→ Task brief: Return the lines beginning at the one that contains "TOPICK Voile Curtains" and continuing to the end of the entries, including both ends, exactly as written and nothing else.

[Dataset excerpts]
********************

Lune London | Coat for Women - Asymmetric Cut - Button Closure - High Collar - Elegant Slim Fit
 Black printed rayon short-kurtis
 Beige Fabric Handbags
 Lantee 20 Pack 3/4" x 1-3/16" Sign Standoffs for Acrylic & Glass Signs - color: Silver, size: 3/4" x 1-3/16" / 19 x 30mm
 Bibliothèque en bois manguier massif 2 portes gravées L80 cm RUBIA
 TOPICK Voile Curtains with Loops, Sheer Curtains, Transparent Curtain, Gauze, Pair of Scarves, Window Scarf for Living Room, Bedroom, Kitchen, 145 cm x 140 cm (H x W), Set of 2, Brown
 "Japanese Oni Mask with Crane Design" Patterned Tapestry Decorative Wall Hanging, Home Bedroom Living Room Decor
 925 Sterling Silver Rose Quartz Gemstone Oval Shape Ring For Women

********************

→ Completed task:
 TOPICK Voile Curtains with Loops, Sheer Curtains, Transparent Curtain, Gauze, Pair of Scarves, Window Scarf for Living Room, Bedroom, Kitchen, 145 cm x 140 cm (H x W), Set of 2, Brown
 "Japanese Oni Mask with Crane Design" Patterned Tapestry Decorative Wall Hanging, Home Bedroom Living Room Decor
 925 Sterling Silver Rose Quartz Gemstone Oval Shape Ring For Women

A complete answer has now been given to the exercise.